Sacred Experiment Tracking: Organize ML Research and Reproducibility

I’ll never forget the PhD student who came to me in tears. She’d just gotten amazing results on her model, showed them to her advisor, and then… couldn’t reproduce them. Different random seed? Wrong hyperparameter? Old code version? Who knows. The experiment was lost forever, and with it, six weeks of GPU time. That’s when I introduced her to Sacred, and it literally saved her dissertation.
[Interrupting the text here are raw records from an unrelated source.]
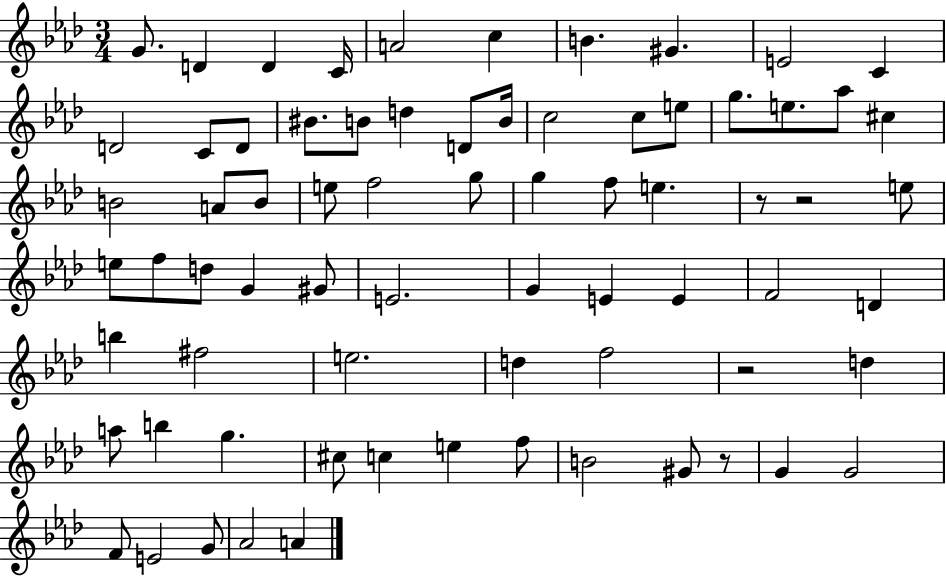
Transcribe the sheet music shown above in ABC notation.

X:1
T:Untitled
M:3/4
L:1/4
K:Ab
G/2 D D C/4 A2 c B ^G E2 C D2 C/2 D/2 ^B/2 B/2 d D/2 B/4 c2 c/2 e/2 g/2 e/2 _a/2 ^c B2 A/2 B/2 e/2 f2 g/2 g f/2 e z/2 z2 e/2 e/2 f/2 d/2 G ^G/2 E2 G E E F2 D b ^f2 e2 d f2 z2 d a/2 b g ^c/2 c e f/2 B2 ^G/2 z/2 G G2 F/2 E2 G/2 _A2 A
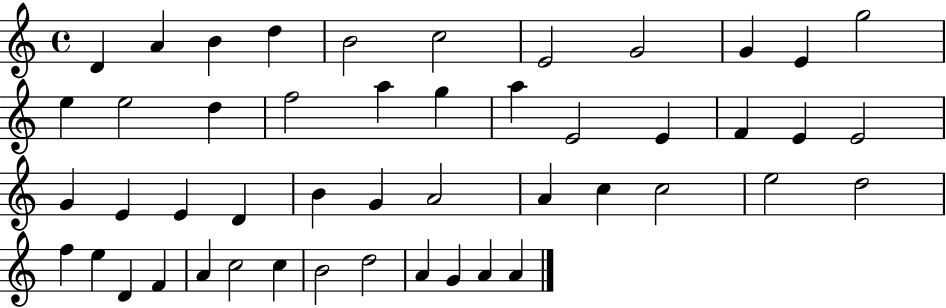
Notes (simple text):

D4/q A4/q B4/q D5/q B4/h C5/h E4/h G4/h G4/q E4/q G5/h E5/q E5/h D5/q F5/h A5/q G5/q A5/q E4/h E4/q F4/q E4/q E4/h G4/q E4/q E4/q D4/q B4/q G4/q A4/h A4/q C5/q C5/h E5/h D5/h F5/q E5/q D4/q F4/q A4/q C5/h C5/q B4/h D5/h A4/q G4/q A4/q A4/q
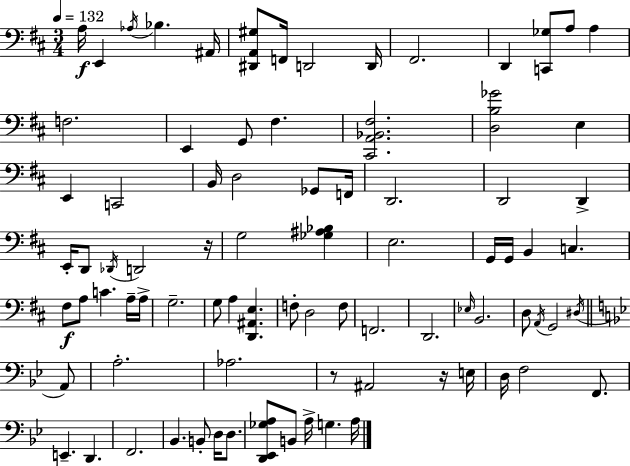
X:1
T:Untitled
M:3/4
L:1/4
K:D
A,/4 E,, _A,/4 _B, ^A,,/4 [^D,,A,,^G,]/2 F,,/4 D,,2 D,,/4 ^F,,2 D,, [C,,_G,]/2 A,/2 A, F,2 E,, G,,/2 ^F, [^C,,A,,_B,,^F,]2 [D,B,_G]2 E, E,, C,,2 B,,/4 D,2 _G,,/2 F,,/4 D,,2 D,,2 D,, E,,/4 D,,/2 _D,,/4 D,,2 z/4 G,2 [_G,^A,_B,] E,2 G,,/4 G,,/4 B,, C, ^F,/2 A,/2 C A,/4 A,/4 G,2 G,/2 A, [D,,^A,,E,] F,/2 D,2 F,/2 F,,2 D,,2 _E,/4 B,,2 D,/2 A,,/4 G,,2 ^D,/4 A,,/2 A,2 _A,2 z/2 ^A,,2 z/4 E,/4 D,/4 F,2 F,,/2 E,, D,, F,,2 _B,, B,,/2 D,/4 D,/2 [D,,_E,,_G,A,]/2 B,,/2 A,/4 G, A,/4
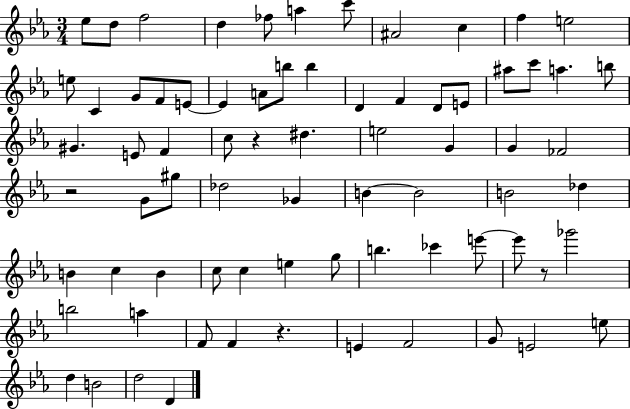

Sacred is this beautifully designed Python library that tracks every single detail of your ML experiments automatically. It’s like having a paranoid lab assistant who writes down everything — hyperparameters, code versions, dependencies, outputs, you name it. And the best part? It stays out of your way while doing it.

Let me show you why Sacred is the experiment tracking tool you didn’t know you desperately needed.

Why Experiment Tracking Matters (More Than You Think)

Here’s a dirty secret about ML research: most experiments are never truly reproducible. You run something, get great results, write them down in a Jupyter notebook named “final_FINAL_v3.ipynb”, and move on. Three months later when the reviewer asks you to re-run with a different metric? Good luck.

Sacred solves this by automatically capturing:

Every hyperparameter you use
The exact code that ran (including git commit)
All dependencies and their versions
Random seeds and their states
Console output and file artifacts
System information (GPU, CPU, OS)

You don’t have to remember to log things. Sacred just… does it. It’s honestly kind of magical.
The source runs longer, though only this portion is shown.